» What to work on
Answer with the number of lines in the listing below that contain the word "Black", and nothing else.

» Data for this task

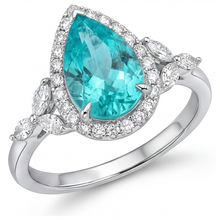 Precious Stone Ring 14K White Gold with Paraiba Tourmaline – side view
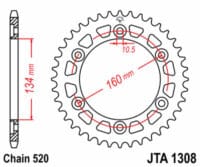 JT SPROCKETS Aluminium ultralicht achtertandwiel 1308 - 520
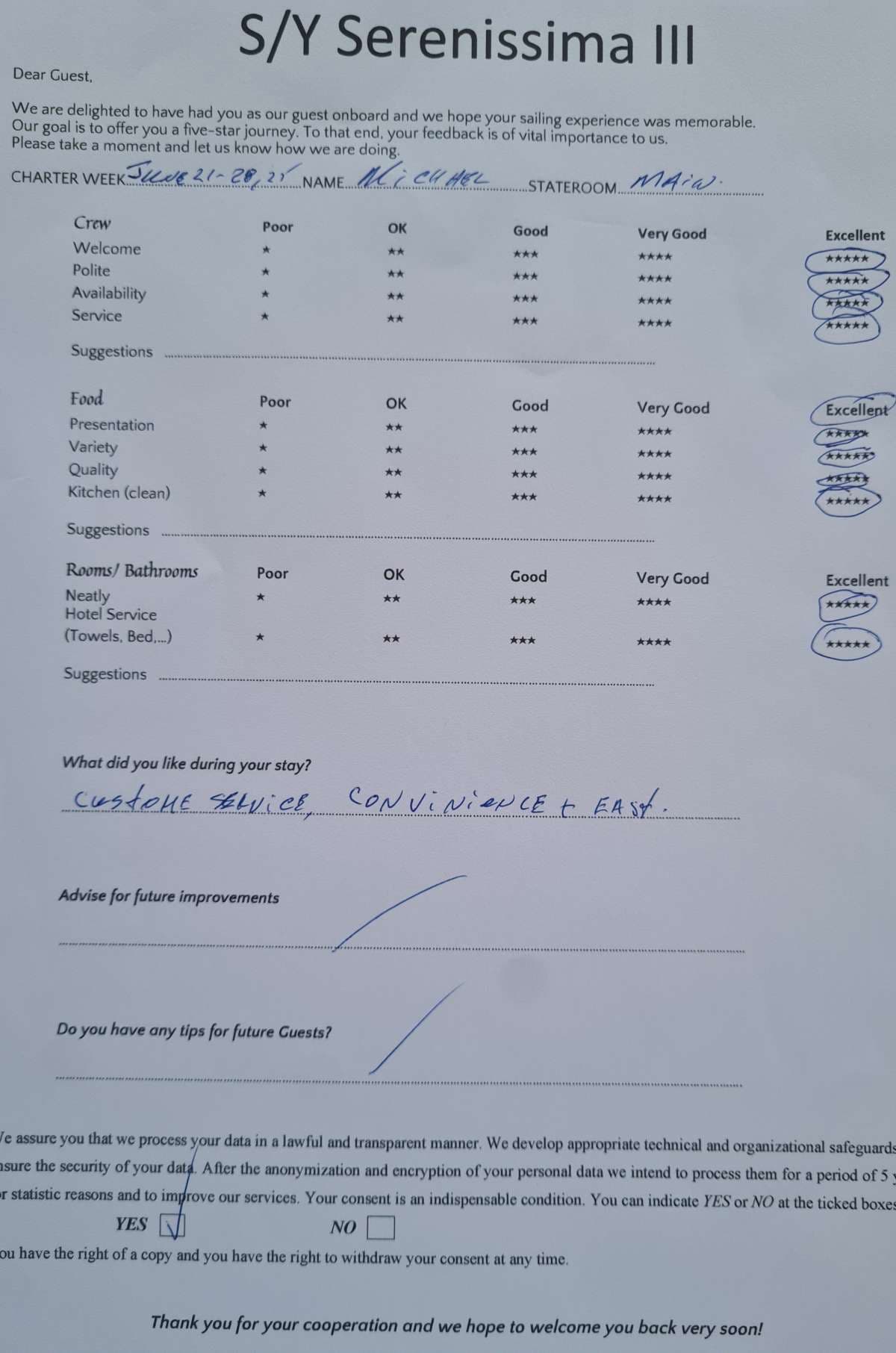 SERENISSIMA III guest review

--

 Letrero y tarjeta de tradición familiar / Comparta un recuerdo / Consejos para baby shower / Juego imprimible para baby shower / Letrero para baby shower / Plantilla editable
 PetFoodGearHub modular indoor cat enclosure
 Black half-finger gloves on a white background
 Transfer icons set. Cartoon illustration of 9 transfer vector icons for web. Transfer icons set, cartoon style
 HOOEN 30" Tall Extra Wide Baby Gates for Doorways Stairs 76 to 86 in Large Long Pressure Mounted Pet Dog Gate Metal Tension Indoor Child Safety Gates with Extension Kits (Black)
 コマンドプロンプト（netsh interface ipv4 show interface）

» Answer below
2